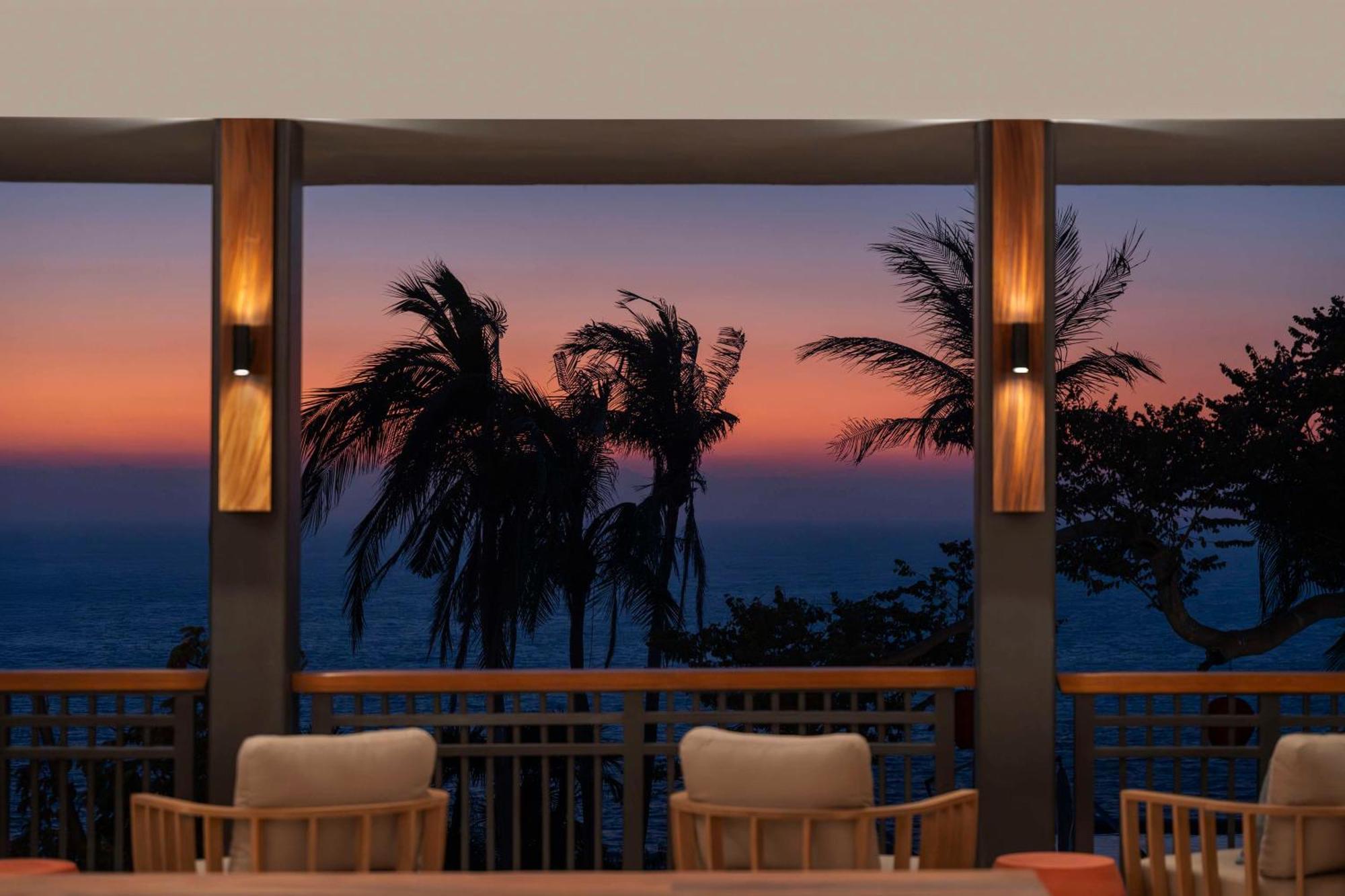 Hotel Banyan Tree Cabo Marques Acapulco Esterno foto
-*-
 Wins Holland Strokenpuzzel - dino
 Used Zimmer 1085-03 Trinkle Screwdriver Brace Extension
-*-
In the data above, find the line with "Wins Holland Strokenpuzzel - dino" and the line with "Used Zimmer 1085-03". Retype both, plus every line between them, exactly.

SOLUTION FOR THIS EXERCISE =
 Wins Holland Strokenpuzzel - dino
 Used Zimmer 1085-03 Trinkle Screwdriver Brace Extension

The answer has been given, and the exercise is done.